Riopelle, however, did expect her to work and respected her as a painter even though he saddled her with all the household chores. He went off the Paris practically every day because he enjoyed seeing all his cronies, while she stayed at home in Véteuil most of the time. “But it’s not that I couldn’t go,” she insisted, “I prefer not to.” Mitchell seems to be caught in the typically married woman artist’s bind. She had assumed all the responsibilities of the artist’s wife and while she seemed to resent them, she was powerless to slough them off. Unwilling to fight for equal distribution of household duties, she had resigned herself to carrying the load alone, all the while rationalizing to herself that it is her duty to do so.
The unwillingness to fight for her own rights was also apparent in Mitchell’s relation to the art world. She had taken herself out of art world politics by living in an out-of-the-way suburb of Paris and by keeping her mouth shut. No matter what kind of skullduggery goes on she says, “People should be above that—it isn’t right to complain—you just wait it out.”

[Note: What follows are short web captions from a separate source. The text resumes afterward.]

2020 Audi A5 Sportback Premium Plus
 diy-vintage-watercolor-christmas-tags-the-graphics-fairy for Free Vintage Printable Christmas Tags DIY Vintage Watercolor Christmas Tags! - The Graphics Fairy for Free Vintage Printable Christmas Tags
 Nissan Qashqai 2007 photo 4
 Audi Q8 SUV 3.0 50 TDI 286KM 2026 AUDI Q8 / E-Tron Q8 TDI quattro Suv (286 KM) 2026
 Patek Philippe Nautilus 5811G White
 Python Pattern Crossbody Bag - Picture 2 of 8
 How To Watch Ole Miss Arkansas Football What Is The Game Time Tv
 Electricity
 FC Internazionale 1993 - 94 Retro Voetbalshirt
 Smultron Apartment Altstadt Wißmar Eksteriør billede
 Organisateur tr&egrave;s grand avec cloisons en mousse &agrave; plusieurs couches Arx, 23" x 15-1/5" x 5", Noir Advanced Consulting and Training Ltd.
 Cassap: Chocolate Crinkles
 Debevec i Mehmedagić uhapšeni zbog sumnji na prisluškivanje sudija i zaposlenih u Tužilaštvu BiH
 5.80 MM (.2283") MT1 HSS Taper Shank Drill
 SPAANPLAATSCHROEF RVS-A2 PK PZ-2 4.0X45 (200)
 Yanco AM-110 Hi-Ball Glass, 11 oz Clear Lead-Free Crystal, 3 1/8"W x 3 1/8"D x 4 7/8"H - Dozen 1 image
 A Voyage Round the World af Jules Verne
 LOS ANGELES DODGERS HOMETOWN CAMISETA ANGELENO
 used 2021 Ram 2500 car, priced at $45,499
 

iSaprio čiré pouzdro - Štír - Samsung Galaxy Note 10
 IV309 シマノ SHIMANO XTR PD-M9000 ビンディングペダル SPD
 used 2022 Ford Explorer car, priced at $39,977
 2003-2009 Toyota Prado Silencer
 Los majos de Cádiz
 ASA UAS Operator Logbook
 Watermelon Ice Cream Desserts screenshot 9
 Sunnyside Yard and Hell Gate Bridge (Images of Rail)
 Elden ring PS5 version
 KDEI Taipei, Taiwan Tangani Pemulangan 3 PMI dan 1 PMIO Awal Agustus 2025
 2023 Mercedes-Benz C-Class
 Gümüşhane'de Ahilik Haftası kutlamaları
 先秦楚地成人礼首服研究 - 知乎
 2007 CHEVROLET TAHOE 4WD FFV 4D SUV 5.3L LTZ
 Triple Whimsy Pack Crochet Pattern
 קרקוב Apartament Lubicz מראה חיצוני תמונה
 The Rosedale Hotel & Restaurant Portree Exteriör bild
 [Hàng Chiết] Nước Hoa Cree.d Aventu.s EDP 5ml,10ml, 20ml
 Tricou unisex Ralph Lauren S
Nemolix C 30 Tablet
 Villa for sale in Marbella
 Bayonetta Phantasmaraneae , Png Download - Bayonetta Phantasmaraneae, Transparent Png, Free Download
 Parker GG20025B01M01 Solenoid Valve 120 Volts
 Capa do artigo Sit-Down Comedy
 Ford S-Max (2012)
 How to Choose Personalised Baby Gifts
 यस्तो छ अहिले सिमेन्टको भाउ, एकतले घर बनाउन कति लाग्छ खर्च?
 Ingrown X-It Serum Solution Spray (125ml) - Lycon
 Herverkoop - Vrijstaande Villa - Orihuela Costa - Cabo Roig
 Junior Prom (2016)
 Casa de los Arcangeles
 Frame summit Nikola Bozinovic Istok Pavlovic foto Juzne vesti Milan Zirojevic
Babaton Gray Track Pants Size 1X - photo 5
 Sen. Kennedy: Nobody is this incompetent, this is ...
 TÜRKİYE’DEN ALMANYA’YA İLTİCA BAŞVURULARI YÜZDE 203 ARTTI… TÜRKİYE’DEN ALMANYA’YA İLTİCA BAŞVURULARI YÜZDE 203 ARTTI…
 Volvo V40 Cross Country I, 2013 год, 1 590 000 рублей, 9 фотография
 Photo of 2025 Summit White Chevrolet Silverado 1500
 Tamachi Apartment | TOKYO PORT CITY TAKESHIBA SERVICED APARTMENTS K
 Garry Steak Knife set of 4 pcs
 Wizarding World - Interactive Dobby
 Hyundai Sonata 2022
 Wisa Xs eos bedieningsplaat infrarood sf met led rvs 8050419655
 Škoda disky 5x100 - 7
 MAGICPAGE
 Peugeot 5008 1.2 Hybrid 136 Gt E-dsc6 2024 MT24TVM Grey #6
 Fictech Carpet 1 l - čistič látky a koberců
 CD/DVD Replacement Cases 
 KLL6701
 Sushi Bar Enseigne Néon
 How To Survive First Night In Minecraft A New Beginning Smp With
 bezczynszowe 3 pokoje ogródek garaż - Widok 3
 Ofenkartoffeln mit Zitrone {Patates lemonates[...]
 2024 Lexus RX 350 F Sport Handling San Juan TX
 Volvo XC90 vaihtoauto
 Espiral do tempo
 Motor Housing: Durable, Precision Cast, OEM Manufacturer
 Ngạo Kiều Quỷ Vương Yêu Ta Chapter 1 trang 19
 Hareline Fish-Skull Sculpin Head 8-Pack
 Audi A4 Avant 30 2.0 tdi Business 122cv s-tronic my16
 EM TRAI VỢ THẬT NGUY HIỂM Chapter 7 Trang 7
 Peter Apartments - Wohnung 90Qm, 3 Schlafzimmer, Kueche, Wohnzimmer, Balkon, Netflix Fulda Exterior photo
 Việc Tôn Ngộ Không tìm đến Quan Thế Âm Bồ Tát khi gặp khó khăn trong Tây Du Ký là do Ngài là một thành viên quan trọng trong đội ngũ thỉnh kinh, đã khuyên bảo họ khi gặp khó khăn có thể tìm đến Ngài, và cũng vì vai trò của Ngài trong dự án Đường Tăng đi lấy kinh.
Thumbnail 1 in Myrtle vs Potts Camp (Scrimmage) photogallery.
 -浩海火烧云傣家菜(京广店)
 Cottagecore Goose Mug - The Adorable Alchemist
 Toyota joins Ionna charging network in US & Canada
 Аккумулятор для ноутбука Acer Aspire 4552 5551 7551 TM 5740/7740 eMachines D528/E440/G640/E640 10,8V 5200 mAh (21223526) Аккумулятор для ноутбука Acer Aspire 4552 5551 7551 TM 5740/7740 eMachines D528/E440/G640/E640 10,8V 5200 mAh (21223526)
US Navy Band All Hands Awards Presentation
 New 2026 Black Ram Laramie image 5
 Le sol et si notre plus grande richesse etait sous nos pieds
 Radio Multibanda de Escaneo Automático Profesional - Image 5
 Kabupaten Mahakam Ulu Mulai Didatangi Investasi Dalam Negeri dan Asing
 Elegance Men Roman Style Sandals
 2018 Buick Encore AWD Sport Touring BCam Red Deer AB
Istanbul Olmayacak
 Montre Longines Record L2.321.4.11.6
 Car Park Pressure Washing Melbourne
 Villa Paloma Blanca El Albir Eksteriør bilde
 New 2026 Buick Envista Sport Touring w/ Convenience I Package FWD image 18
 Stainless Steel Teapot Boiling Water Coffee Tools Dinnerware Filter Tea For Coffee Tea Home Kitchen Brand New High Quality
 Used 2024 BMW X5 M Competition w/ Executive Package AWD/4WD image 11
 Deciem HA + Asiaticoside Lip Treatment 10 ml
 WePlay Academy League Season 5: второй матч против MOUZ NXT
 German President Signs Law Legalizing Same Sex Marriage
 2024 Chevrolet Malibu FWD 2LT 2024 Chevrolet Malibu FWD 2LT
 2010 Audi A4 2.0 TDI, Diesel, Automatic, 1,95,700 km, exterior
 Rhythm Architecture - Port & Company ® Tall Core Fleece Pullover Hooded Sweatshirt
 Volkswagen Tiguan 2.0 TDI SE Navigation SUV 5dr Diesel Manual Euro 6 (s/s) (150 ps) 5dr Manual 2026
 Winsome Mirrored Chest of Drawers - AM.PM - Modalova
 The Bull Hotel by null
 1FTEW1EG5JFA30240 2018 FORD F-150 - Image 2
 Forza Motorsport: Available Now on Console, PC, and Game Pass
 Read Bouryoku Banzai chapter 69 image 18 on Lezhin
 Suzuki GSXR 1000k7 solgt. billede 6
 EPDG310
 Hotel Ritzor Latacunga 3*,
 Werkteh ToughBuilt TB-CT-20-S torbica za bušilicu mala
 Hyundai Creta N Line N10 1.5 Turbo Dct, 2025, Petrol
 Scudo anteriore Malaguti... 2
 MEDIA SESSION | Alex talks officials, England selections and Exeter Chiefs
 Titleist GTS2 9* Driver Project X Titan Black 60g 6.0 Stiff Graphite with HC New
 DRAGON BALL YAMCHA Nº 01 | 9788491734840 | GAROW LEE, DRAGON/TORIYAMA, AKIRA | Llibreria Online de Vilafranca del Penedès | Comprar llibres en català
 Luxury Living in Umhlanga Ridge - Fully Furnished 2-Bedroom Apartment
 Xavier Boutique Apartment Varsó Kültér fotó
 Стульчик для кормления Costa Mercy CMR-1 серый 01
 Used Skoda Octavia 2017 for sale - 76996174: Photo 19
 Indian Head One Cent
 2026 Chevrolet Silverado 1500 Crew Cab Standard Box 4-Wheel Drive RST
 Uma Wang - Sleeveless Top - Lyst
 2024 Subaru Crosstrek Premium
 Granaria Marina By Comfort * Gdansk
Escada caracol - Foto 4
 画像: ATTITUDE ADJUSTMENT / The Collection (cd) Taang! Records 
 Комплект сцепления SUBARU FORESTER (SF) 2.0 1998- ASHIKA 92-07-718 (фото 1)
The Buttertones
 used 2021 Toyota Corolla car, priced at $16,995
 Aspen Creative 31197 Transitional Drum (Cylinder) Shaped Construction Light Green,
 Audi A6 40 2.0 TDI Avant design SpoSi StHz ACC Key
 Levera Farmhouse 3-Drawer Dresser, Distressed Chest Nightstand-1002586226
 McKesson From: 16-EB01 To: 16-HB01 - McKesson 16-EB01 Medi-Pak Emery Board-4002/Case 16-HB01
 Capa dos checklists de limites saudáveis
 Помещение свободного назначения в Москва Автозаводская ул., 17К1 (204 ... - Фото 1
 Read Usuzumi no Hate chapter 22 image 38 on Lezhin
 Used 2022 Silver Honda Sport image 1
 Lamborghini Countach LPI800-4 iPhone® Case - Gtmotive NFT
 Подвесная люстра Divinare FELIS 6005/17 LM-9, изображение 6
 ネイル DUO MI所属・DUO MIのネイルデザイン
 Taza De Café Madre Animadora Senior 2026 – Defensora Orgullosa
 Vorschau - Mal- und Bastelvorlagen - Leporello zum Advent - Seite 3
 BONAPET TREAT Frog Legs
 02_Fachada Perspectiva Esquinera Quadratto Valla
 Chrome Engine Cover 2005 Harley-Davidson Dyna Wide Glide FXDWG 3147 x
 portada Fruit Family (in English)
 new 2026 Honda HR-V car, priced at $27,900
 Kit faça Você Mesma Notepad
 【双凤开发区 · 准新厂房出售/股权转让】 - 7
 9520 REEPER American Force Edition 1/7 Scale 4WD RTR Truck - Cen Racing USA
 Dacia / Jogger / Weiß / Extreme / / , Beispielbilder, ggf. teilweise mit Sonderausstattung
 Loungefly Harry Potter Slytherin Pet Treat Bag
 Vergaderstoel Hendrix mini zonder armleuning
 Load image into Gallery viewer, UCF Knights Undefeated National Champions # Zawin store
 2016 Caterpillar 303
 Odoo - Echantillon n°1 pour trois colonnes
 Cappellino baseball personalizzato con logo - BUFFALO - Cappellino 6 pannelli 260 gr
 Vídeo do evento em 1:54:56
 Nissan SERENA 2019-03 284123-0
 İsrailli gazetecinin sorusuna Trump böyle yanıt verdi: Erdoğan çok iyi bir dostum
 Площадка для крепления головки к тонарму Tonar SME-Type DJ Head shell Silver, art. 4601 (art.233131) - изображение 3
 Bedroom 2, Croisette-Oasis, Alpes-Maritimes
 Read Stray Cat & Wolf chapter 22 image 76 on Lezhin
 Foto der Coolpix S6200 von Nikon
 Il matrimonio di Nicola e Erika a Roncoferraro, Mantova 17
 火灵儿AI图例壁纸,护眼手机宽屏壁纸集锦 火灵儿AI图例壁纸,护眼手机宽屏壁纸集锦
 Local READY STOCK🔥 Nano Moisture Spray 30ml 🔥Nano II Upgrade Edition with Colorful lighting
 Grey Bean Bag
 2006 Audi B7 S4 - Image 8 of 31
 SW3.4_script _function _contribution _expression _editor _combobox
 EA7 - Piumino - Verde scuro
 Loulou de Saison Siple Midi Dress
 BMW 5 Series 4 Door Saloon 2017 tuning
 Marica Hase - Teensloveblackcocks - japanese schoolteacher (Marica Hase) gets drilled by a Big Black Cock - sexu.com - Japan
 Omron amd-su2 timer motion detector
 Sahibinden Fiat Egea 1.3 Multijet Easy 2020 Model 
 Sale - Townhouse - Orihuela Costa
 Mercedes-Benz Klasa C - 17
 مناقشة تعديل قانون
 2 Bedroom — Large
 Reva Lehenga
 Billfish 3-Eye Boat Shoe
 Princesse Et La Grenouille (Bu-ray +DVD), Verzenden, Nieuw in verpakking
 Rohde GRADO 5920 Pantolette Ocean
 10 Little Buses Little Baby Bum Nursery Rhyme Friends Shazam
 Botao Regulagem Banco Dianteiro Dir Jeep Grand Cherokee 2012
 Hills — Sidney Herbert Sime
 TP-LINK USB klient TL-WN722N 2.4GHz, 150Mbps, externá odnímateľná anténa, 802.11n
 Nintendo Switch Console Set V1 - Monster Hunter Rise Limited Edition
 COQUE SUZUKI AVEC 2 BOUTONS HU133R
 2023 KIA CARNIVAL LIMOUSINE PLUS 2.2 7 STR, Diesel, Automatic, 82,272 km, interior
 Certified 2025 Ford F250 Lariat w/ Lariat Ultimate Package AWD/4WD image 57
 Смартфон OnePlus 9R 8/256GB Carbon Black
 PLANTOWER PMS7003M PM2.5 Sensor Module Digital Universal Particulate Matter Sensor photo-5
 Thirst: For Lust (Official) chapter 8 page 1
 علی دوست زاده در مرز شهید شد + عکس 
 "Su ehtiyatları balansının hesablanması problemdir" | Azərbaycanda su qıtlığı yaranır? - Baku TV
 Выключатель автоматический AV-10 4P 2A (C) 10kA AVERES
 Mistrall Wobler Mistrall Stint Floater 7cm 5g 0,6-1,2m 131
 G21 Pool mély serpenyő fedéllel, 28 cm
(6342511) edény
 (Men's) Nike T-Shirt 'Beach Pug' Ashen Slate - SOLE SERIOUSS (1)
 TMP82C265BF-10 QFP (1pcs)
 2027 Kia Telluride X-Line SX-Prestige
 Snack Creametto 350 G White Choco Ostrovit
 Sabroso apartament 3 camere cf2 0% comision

Indeed her anxiety and defensiveness in connection with confronting art world politics was apparent from the minute Joan and I met. The interview I did with Louise Nevelson, in which she spoke out against the New York Mafia, Clement Greenberg, Tom Hess, Harold Rosenberg, etc., was the first topic Joan questioned me about. Even though she had not seen the actual interview in Changes, she thought it would have been better if I had not printed actual names, rather just descriptions of the people, even if Louise had been so literal. It was wrong, she insisted, to fight these people out in the open, although everything Nevelson had said about them was true. Greenberg, she informed me, had done her injuries in the past and had made her career very difficult in terms of getting in with the right collectors and galleries. He and Motherwell and Frankenthaler had helped to ruin many artists—to spoil their careers by making it financially impossible to exist. No, she certainly had no love for the Greenberg crowd. Frankenthaler, who according to Joan, had been a close friend of hers in the old days, had recently refused to attend a Mitchell opening because Helen didn’t care for impasto painting.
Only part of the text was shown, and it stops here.